The following diagram provides an overview of the solution:
The above diagram depicts the multi-region architecture running across two AWS regions. The Route 53 DNS service serves as the main entry point for the application, with health checks monitoring both regions. Each region contains an identical stack with Amazon API Gateway, Amazon EventBridge, Amazon SQS, and AWS Lambda. The Amazon DynamoDB Global Table replicates data between regions automatically.
Solution deployment
To deploy this solution, follow the instructions in the GitHub repository and clone the repository. The solution deploys in two AWS regions.
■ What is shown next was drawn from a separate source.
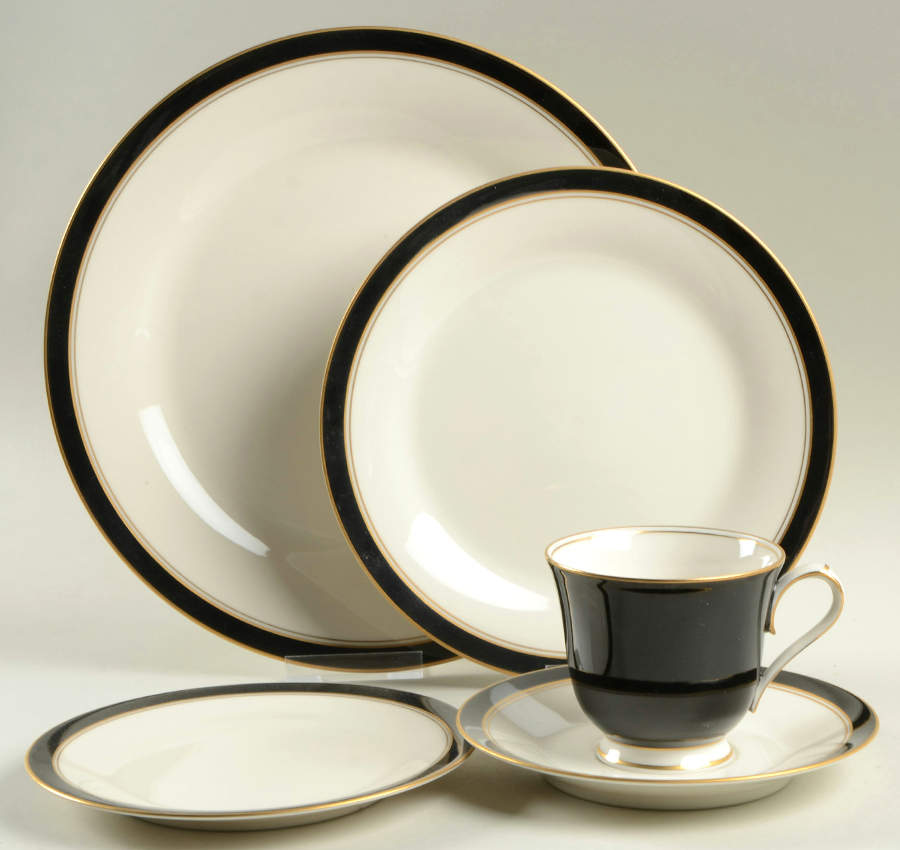 Ivory & Ebony 5 Piece Place Setting by Noritake-1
Ensure valid SSL certificates exist in AWS Certificate Manager (ACM) in both regions for the custom domain.
Prerequisites
For this walkthrough, the following resources are needed:
- AWS Account: An AWS account with permissions to create and manage Amazon API Gateway, Amazon EventBridge, Amazon SQS, AWS Lambda, Amazon DynamoDB, Amazon Route 53, AWS IAM, and AWS CloudFormation resources
- AWS Serverless Application Model (SAM): The AWS SAM CLI installed, as the templates use the SAM transform for Lambda and API Gateway resource definitions
- Domain Name: A registered domain with a Route 53 hosted zone- SSL Certificates: ACM certificates for the custom domain in both deployment regions
- AWS CLI: The AWS CLI installed and configured with credentials for the target AWS account
- Region Selection: Two AWS regions for deployment
Walkthrough
The AWS CloudFormation templates from the sample GitHub repository create a secure, multi-region architecture that provides automatic failover for event-driven applications. The templates provision regional API Gateway endpoints, EventBridge buses, SQS queues, Lambda functions, and an Amazon DynamoDB Global Table. The solution establishes health monitoring through Route 53 health checks and configures DNS failover routing. The templates use AWS Serverless Application Model (SAM) transform to simplify Lambda and API Gateway resource definitions.
Step 1: Deploy the primary stack
The primary stack creates the foundational resources in the primary region. This includes the Amazon EventBridge bus, Amazon API Gateway with custom domain, health check, AWS Lambda function, Amazon SQS queue, and Amazon DynamoDB Global Table. The stack creates an EventBridge bus that receives events from API Gateway:
The API Gateway uses AWS service integration to forward events directly to EventBridge:
x-amazon-apigateway-integration:
type: "aws"
uri: !Sub "arn:aws:apigateway:${AWS::Region}:events:path//"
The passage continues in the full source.